Diana López Varela, en su artículo Cariño, has caducado (Jot Down), divagaba alrededor de Amor líquido de Zigmunt Bauman y describía el pánico que produce la estabilidad amorosa en un mundo consumista e individualista. Por un momento, reparaba en cómo la oxitocina y la adrenalina encharcan el cerebro del enamorado hasta infligirle una especie de trastorno obsesivo compulsivo. Obviamente, eso se atenúa, llega la vasopresina, y uno ya puede vivir y trabajar.

Apunto esto porque en una sociedad como la de hoy, cada vez más distante del concepto comunidad, la mayoría de ciudadanos huye de la política y es muy tacaña al distribuir sus afectos y sus entregas. Por supuesto, la única forma de llegar a ellos es la seducción, que, de una forma u otra, es un acto de erotismo. Para activar la excitación del elector, para ponerle chachondo el intelecto, lógicamente, hay que regalarle cosas y palabras, se necesita la ocultación, el fantasmeo sutil y unas dosis de espectáculo que generen la ilusión de la vivencia irrepetible. Sin embargo, llegará el tiempo en que el ciudadano conquistado segregue su vasopresina y empiece a detectar algunos granos en la espalda o pelos rizados donde no toca o excentricidades del carácter que antes se atribuían al desparpajo y a la mordacidad, y al final arrojan una sombra de histrionismo.

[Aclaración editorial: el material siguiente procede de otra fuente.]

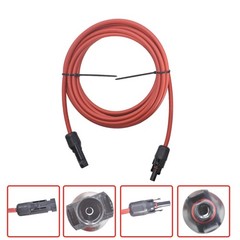 New Solar Panel Extension Cable Wire Connector 1 Pair 15ft Black + Red 10 AWG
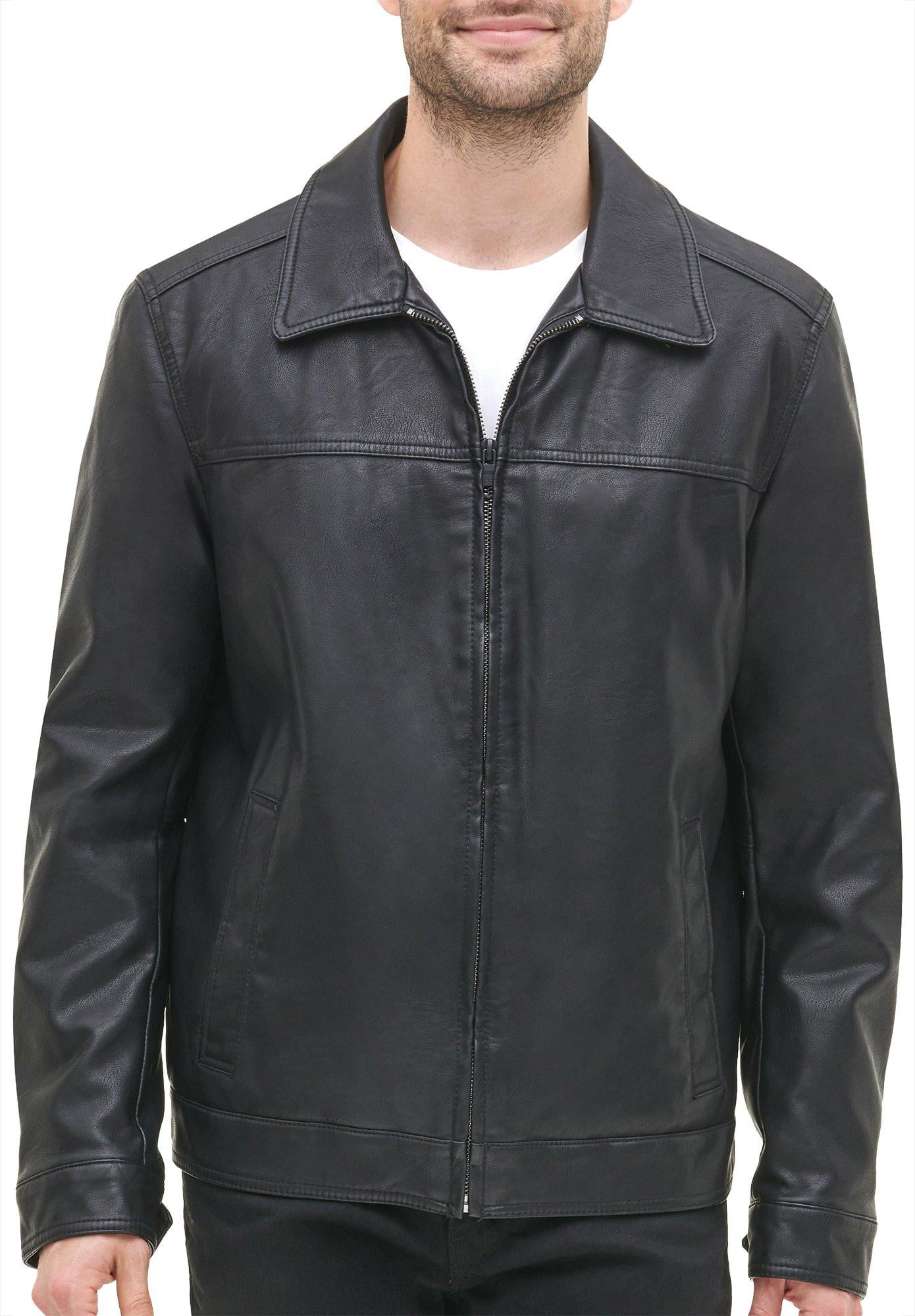 Tommy Hilfiger Mens Faux Leather Bomber Jacket - Walmart.com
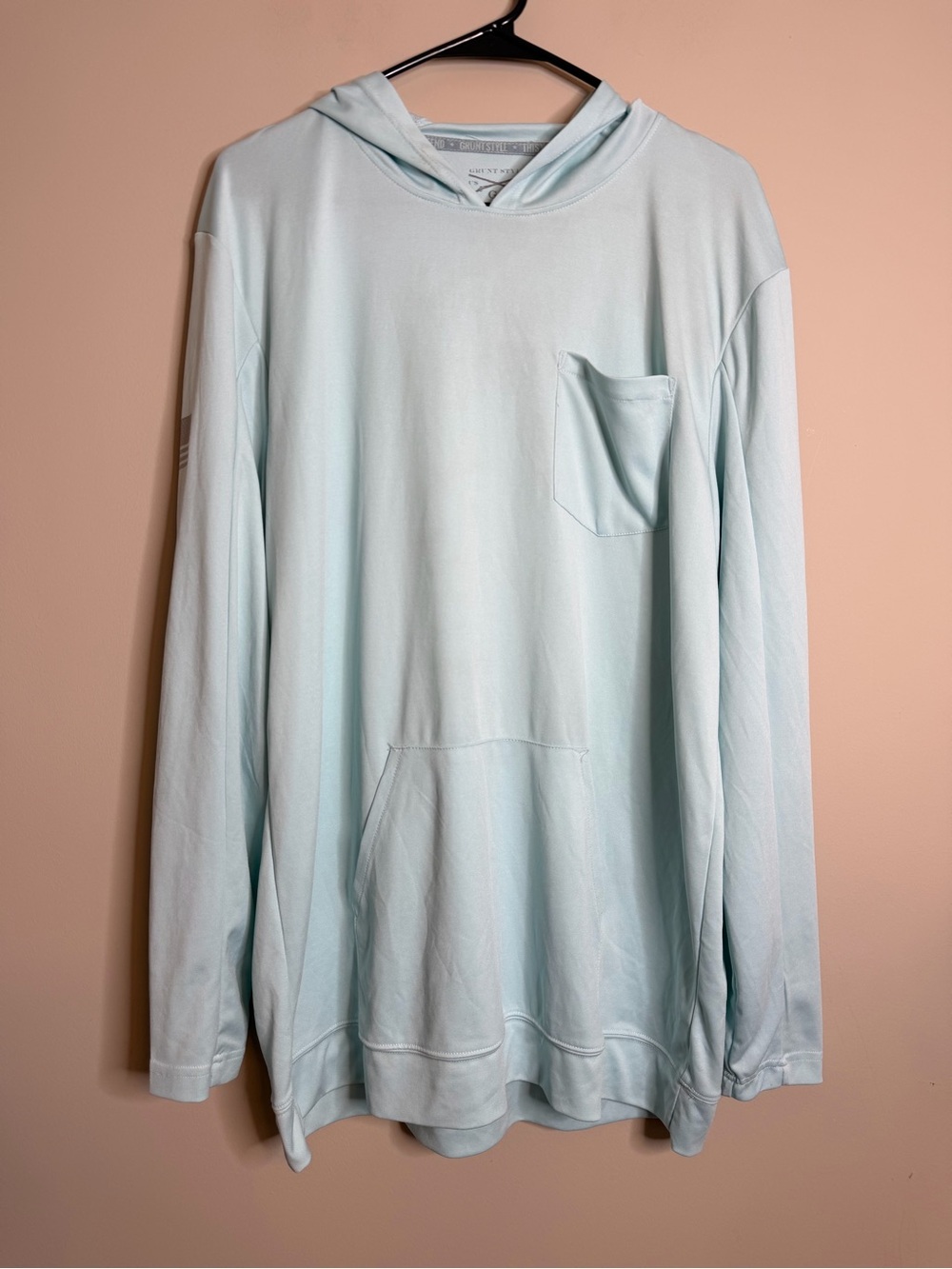 Grunt Style Mens Lightweight Blue Hoodie Size Large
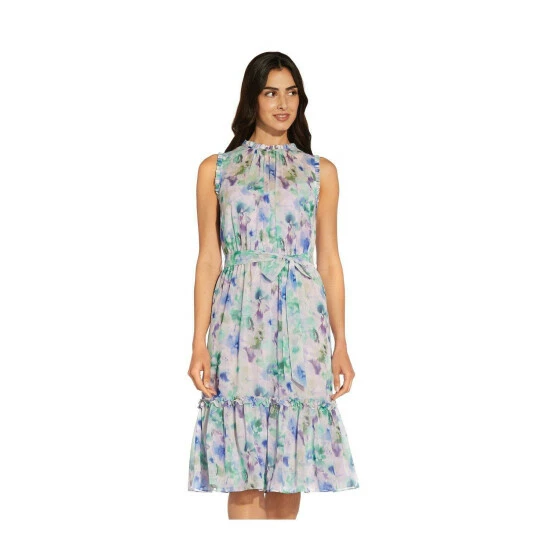 Adrianna Papell Watercolor Chiffon Print Dress For Female - Image 4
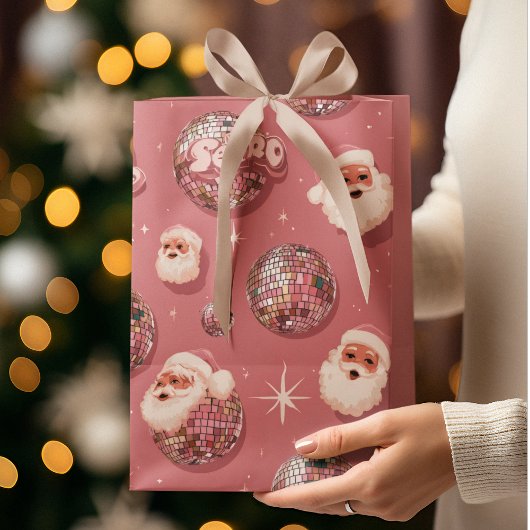 Pink Christmas Retro Santa Gift Bag Mittlere Geschenktüte
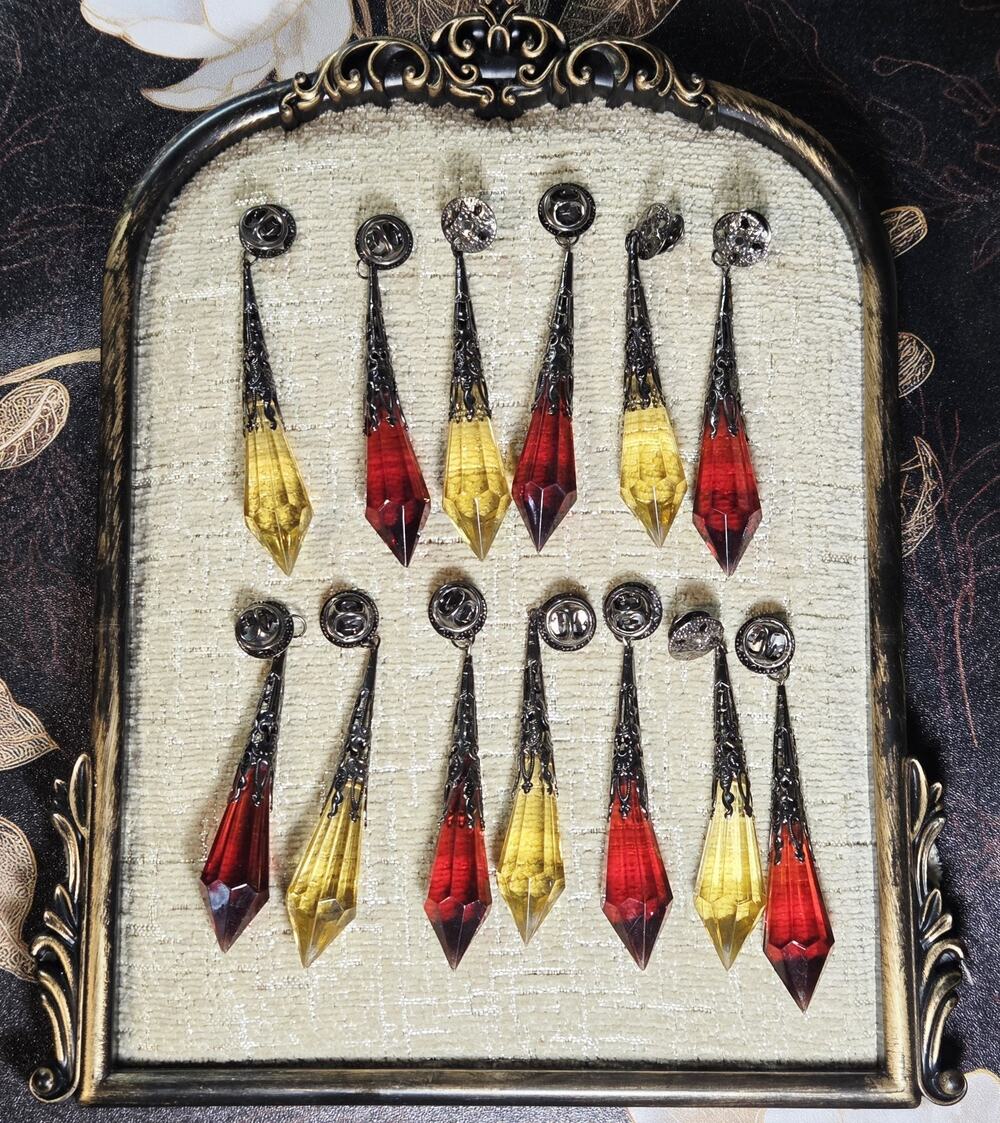 Vintage Faux Crystals 3-1/2" Accent Pins Silver Red & Gold Gothic Dangling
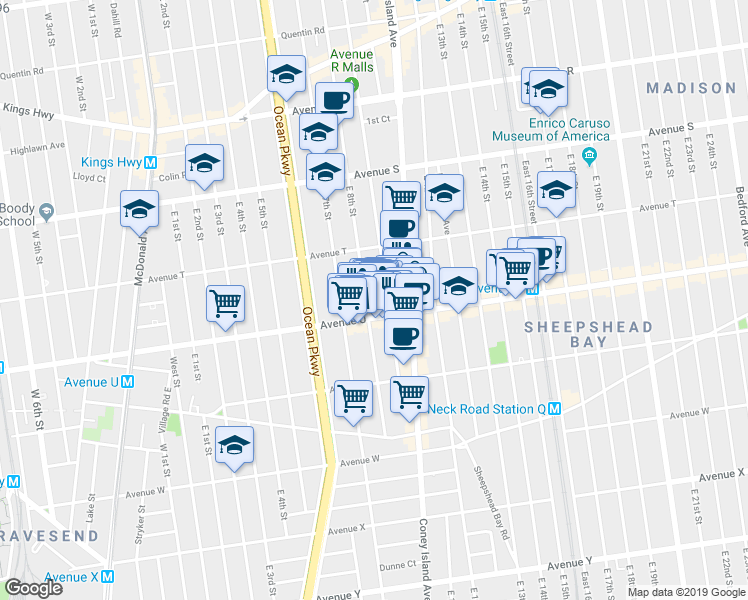 map of restaurants, bars, coffee shops, grocery stores, and more near 2050 East 8th Street in Brooklyn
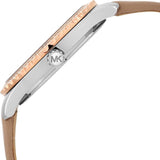 Shop Authentic Michael Kors Layton Mother of Pearl White Dial Brown Leather Strap Watch For Women - MK2910 - Luxxuri
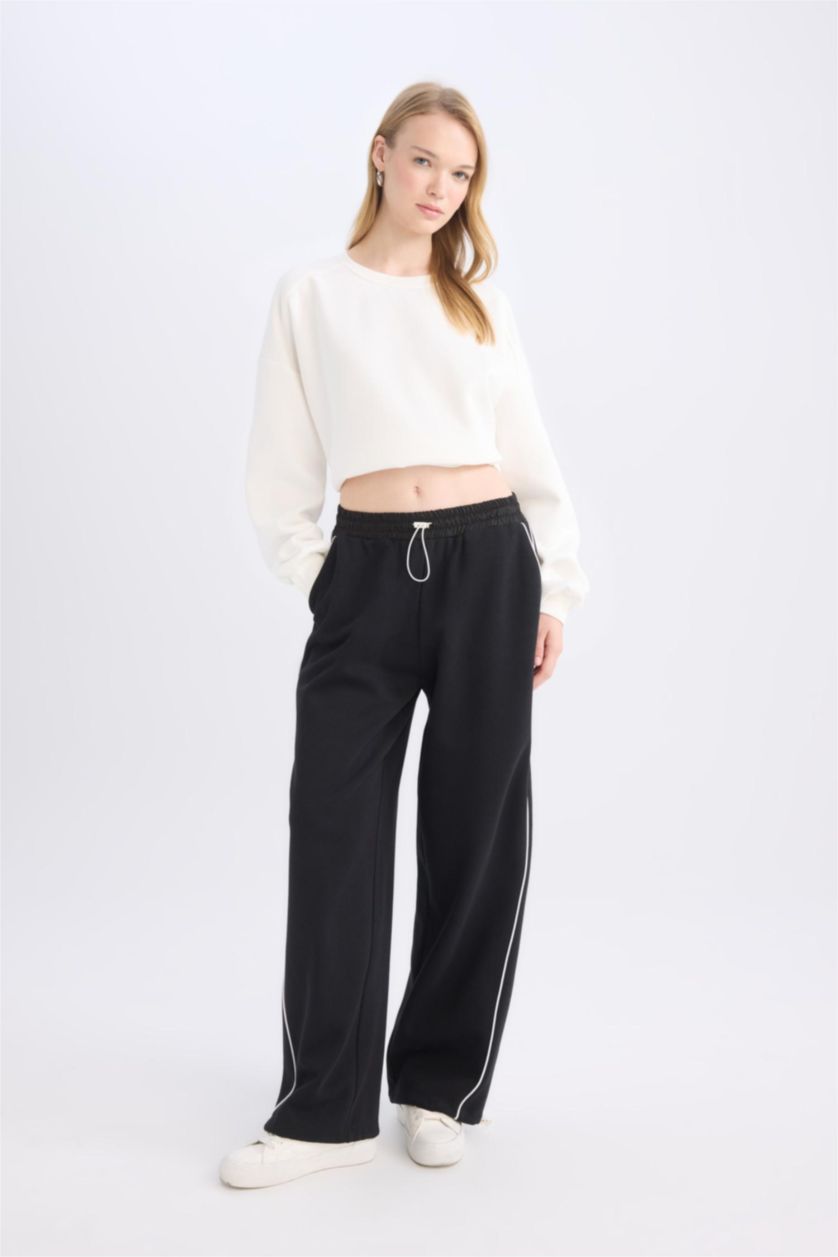 FEMME Noir Pantalon de survêtement Large à taille élastique ajustable avec bandes latérales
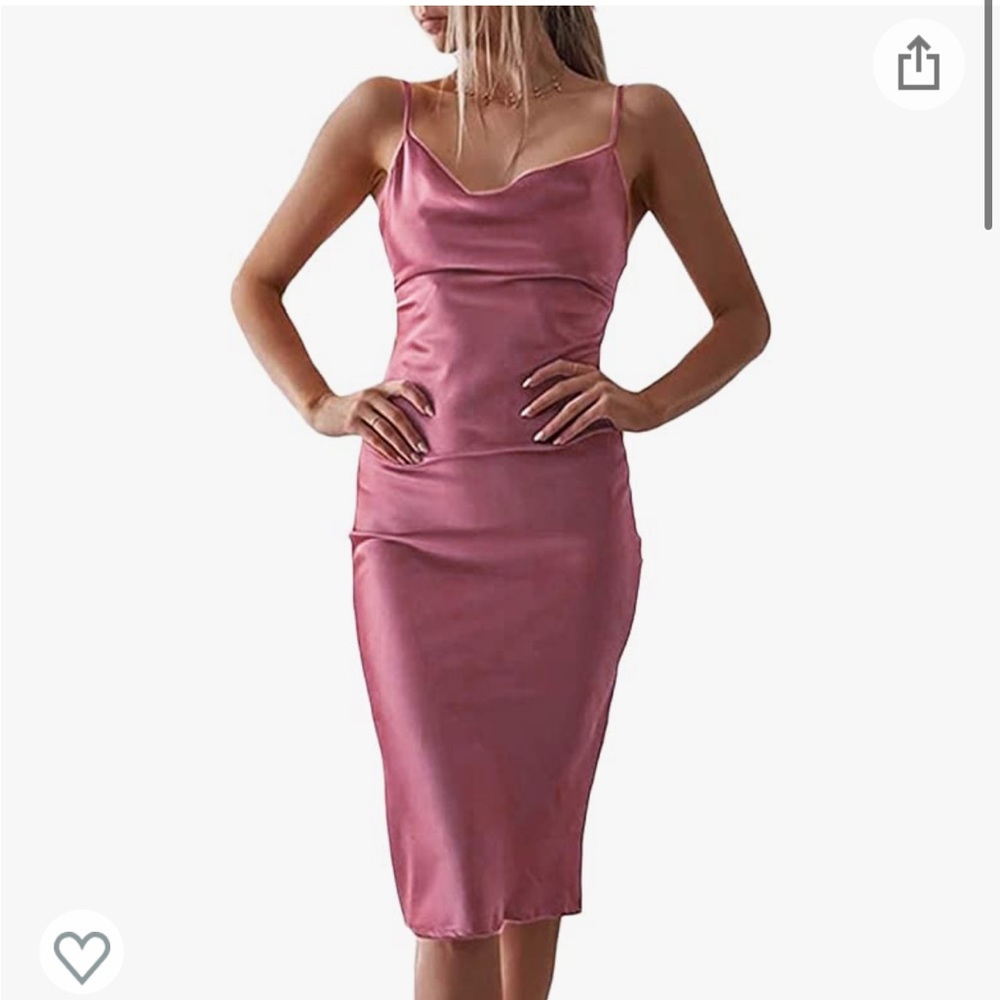 xxxiticat Women's Sleeveless Spaghetti Strap Satin Dress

Los ciclos del enamoramiento político se agotan cada vez más rápido. En la Transición duró más o menos hasta que el referéndum de la OTAN fusiló la rosa del socialismo democrático. Ahora, atravesamos la resaca de un idilio que ha durado mucho menos. Es normal, hoy más que ayer predomina la mentalidad de la satisfacción instantánea y el cambio perpetuo de los deseos. Ya no brotan tantos debates políticos en las mesas de los bares como hace un año ni hay tanta gente que se desquicia o se ilumina al hablar de una transformación real del país.

Estamos condenados a que la democracia se sustente con un voto fofo y desengañado: es lo que insinúan estos tiempos. ¿Puede llamarse soberanía a algo que se ejerce desde la irracionalidad o la desgana?